Zero-Emission Vehicles (ZEVs) – Good for Health and the Planet!

Over the coming years, governments will be investing in programs and policies to kick start our economy and get people back to work. The electrification of Canada’s transportation sector (that is responsible for one quarter of Canada’s greenhouse gas (GHG) emissions) needs to be a pivotal part of that plan. By investing in zero-emission vehicles (ZEV) and implementing supportive policies,1 Canadian governments can dramatically reduce GHG emissions and air pollution, while creating hundreds of thousands of jobs2 and significant fuel savings for consumers.

CLIMATE CHANGE IS ALREADY HARMING PEOPLE IN CANADA

On a global scale, climate change is already having a catastrophic impact on human health. In 2018, nearly 300,000 people around the world died prematurely because of hotter temperatures resulting from climate change.3 And yet, increasing temperatures is only one of the many risk factors presented by climate change.

In different parts of Canada, climate change has contributed to an increase in the frequency and intensity of floods, wildfires, hurricanes, ice storms, and heat waves, over the last several decades.4 These events have exposed millions to extremely high levels of toxic air pollution,5 forced hundreds of thousands of Canadians to evacuate their homes, and left hundreds of thousands without power for extended periods.
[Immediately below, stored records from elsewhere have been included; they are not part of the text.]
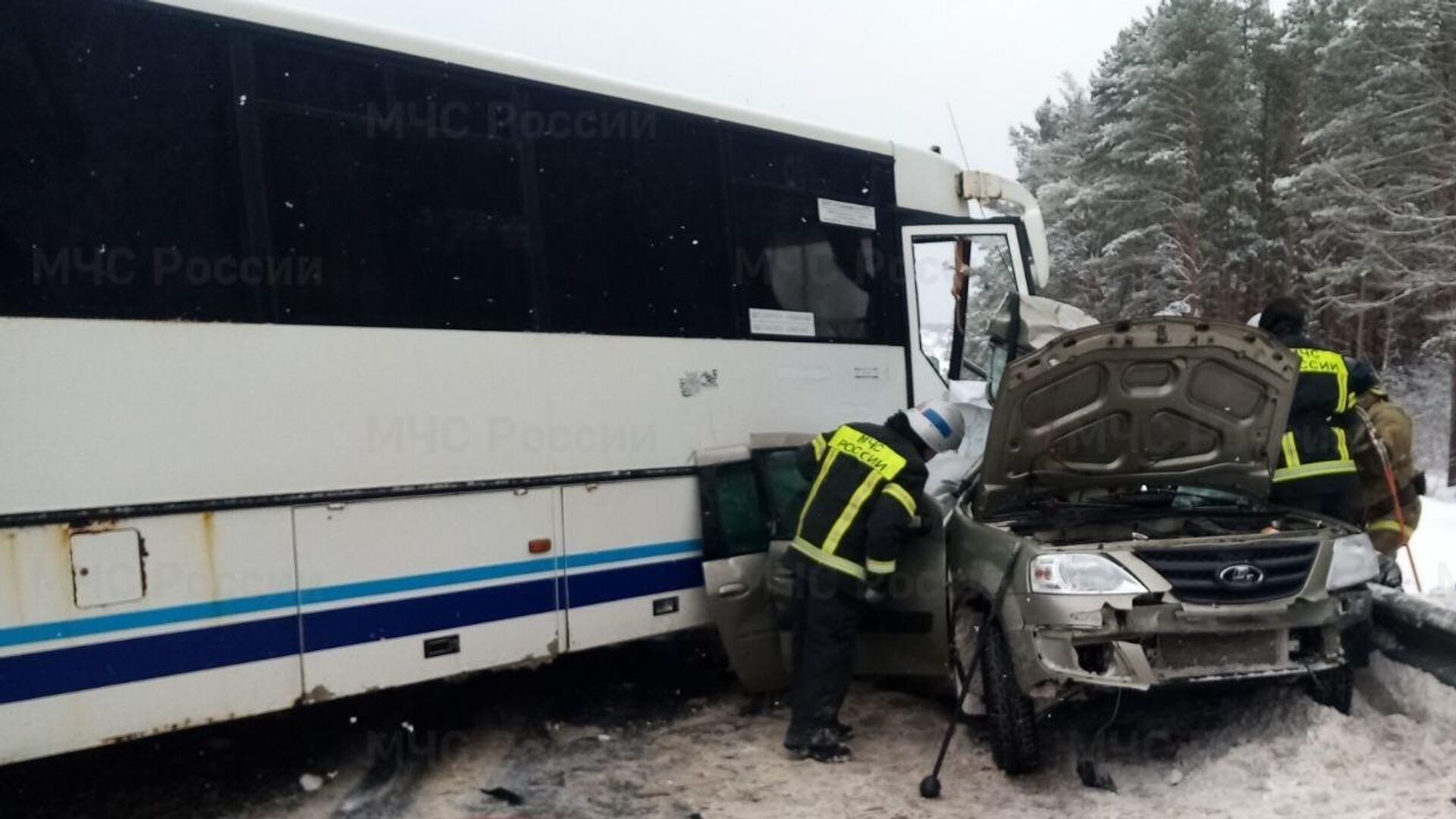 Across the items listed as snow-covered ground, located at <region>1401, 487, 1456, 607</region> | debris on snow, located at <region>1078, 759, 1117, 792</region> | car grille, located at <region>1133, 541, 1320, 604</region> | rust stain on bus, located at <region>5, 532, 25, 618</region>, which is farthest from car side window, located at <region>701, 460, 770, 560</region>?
snow-covered ground, located at <region>1401, 487, 1456, 607</region>

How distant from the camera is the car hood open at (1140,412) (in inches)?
190

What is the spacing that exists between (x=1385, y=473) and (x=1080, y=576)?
3.07m

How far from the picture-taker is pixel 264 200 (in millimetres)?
4277

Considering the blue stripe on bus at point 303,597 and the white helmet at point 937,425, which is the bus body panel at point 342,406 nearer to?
the blue stripe on bus at point 303,597

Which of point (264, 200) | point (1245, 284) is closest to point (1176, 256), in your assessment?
point (1245, 284)

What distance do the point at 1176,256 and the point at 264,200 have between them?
98.9ft

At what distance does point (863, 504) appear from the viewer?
5176 millimetres

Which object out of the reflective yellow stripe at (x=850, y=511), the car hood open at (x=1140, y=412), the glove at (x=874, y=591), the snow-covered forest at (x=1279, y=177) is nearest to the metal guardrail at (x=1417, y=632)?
the car hood open at (x=1140, y=412)

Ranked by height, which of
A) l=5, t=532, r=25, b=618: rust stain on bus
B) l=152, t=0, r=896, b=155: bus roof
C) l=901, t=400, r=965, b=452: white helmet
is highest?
l=152, t=0, r=896, b=155: bus roof

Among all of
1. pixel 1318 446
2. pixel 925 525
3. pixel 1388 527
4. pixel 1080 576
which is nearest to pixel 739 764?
pixel 925 525

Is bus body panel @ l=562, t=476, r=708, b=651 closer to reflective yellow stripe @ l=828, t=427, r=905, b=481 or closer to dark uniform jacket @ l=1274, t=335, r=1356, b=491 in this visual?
reflective yellow stripe @ l=828, t=427, r=905, b=481

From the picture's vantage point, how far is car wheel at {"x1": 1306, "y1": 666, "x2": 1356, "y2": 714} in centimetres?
460

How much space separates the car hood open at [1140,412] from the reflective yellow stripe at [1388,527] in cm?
151

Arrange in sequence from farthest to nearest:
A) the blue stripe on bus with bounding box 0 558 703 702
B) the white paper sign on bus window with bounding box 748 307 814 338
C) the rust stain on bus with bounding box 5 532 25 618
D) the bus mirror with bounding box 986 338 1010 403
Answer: the bus mirror with bounding box 986 338 1010 403 → the white paper sign on bus window with bounding box 748 307 814 338 → the blue stripe on bus with bounding box 0 558 703 702 → the rust stain on bus with bounding box 5 532 25 618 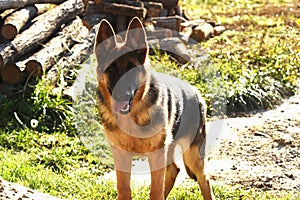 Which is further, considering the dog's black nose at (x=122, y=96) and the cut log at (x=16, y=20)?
the cut log at (x=16, y=20)

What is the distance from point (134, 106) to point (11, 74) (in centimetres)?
419

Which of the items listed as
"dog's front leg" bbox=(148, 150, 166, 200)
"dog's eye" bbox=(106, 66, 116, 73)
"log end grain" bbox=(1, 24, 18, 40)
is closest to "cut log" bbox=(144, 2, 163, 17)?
"log end grain" bbox=(1, 24, 18, 40)

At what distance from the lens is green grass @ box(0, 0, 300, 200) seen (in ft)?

Climate change is also melting permafrost in the far north, increasing sea levels on three coast lines, and extending the range of vector-borne diseases.6

While climate change can harm the health of everyone, it has a greater impact on some. Young children, older people, and people with pre-existing health conditions are more sensitive to heat waves and wildfire smoke. Indigenous Peoples in Northern communities can experience increased food insecurity as melting permafrost and shifting plant and animal populations disrupt their access to traditional foods. In addition, people who live on lower incomes may not have the resources to protect themselves or recover from extreme weather events.7

The costs of weather-related disasters fuelled by global warming are considerable. The number of catastrophic events has more than tripled since the 1980s. Over the last nine years, these events have resulted in $14 billion in insurance costs in Canada, an increase of 1,250% since the 1970s.8

ZEVS REDUCE GREENHOUSE GAS EMISSIONS

In order to avoid catastrophic levels of global warming, the Intergovernmental Panel on Climate Change (IPCC) has concluded that all countries must reduce climate emissions by 45% by 2030 and to net zero by 2050.9

The transportation sector is the second leading source of the GHG emissions that cause climate change and is responsible for 26% of all of Canada’s GHG emissions.10 Over the last 20 years, GHG emissions from the transportation sector have increased by nearly 30% as SUVs and trucks, with their higher emissions, have become more popular.11

Switching from a gas-fuelled car to a ZEV can cut GHGs by 34-98% depending on the source of the electricity. The cleaner the electricity grid, the greater the reductions.12

A national modelling study found that: if all new cars and SUVs sold by 2030 were 100% electric, GHG emissions could be reduced by 33 million tonnes (Mt) per year, and if 75-80% of all new trucks were electrified by 2030, GHG emissions could be reduced by 30 Mt per year.13

Combined, these reductions (63 Mt) represent 34% of the GHG emissions from Canada’s transportation sector (185 Mt in 2018) and 8.6% of the GHGs from all human activity in Canada (729 Mt in 2018).14

TRAFFIC-RELATED AIR POLLUTION – SIGNIFICANT HEALTH CONCERN

Air pollution continues to be a significant health risk in Canada; responsible for approximately 14,600 premature deaths each year from heart disease, strokes, lung cancer and chronic obstructive pulmonary disease.15

High-volume traffic corridors are a major source of air pollution in Canada and a principal source of variation in levels of air pollution within urban centres. Many studies have demonstrated that those living within 50-1,500 metres of major roads and highways are exposed to significantly higher levels of air pollution.16

Traffic-related air pollution (TRAP) is strongly associated with increases in asthma exacerbations and the incidence of asthma in children, reduced lung function,17 and morbidity and deaths from cardiovascular disease and lung cancer.18 TRAP is a serious concern in Canada because about 10 million people live within 500 metres of a major highway or 100 metres of a major urban road.19

In the Greater Toronto and Hamilton Area (GTHA) alone, it has been estimated that TRAP is responsible for approximately 700 premature deaths and 2,800 hospitalizations each year due to heart and lung conditions; health-related impacts valued at $4.6 billion per year.20

The COVID-19 pandemic has further highlighted the impact of air pollution on health. New studies suggest that long-term exposure to air pollution results in increased death rates from COVID-19, with one study estimating that air pollution contributed to 15% of deaths from COVID-19 around the world.21

ZEVS CAN REDUCE AIR POLLUTION

Increasing the proportion of ZEVs on Canadian roadways is expected to produce significant air quality health benefits. These will vary depending upon the emissions associated with the electricity grid in each province.  A modelling study conducted by researchers at the University of Toronto found that a substantial number of air pollution-related premature deaths could be avoided each year in the GTHA if gasoline-and diesel-fuelled vehicles were replaced with electric-powered vehicles.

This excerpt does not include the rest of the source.